[Raw data Boundary: Start]

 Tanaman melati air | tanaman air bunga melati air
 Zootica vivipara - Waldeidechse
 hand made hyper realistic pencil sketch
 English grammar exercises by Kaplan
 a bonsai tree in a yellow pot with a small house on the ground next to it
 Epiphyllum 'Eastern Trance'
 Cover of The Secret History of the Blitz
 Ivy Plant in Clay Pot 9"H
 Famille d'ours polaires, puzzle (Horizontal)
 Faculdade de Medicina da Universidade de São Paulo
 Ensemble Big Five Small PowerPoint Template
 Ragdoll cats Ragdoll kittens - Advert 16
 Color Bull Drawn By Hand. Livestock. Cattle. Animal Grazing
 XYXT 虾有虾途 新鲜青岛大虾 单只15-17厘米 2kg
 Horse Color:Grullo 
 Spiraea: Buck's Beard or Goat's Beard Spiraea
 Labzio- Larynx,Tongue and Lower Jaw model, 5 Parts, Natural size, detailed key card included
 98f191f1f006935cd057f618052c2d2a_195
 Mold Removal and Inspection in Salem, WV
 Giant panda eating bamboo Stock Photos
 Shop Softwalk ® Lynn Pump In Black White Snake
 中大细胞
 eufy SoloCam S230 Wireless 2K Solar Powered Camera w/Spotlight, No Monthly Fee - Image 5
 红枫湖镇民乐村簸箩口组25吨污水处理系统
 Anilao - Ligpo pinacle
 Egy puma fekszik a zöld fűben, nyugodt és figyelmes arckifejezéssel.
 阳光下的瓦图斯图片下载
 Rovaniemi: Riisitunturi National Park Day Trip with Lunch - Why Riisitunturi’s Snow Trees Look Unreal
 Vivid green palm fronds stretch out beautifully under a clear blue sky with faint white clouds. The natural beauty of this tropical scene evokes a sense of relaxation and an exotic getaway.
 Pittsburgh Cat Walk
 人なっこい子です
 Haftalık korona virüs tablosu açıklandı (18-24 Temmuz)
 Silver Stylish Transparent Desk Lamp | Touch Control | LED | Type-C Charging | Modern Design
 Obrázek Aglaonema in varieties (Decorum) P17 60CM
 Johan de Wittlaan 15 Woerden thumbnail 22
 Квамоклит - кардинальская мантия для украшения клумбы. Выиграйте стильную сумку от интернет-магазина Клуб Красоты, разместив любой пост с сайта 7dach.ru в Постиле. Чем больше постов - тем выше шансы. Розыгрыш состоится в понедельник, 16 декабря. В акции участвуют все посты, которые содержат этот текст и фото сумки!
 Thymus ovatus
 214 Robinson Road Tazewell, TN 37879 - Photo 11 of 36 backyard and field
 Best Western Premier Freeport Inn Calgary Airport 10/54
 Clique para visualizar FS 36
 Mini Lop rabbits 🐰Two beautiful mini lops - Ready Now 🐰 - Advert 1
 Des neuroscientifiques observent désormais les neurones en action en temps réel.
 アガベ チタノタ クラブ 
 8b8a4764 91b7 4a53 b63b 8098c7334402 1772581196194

[Raw data Boundary: End]

> **Exercise aim**
Up to the line containing "Best Western Premier", skip everything; from that line through the last line above, return each line exactly.

> **Solution for this task**
 Best Western Premier Freeport Inn Calgary Airport 10/54
 Clique para visualizar FS 36
 Mini Lop rabbits 🐰Two beautiful mini lops - Ready Now 🐰 - Advert 1
 Des neuroscientifiques observent désormais les neurones en action en temps réel.
 アガベ チタノタ クラブ 
 8b8a4764 91b7 4a53 b63b 8098c7334402 1772581196194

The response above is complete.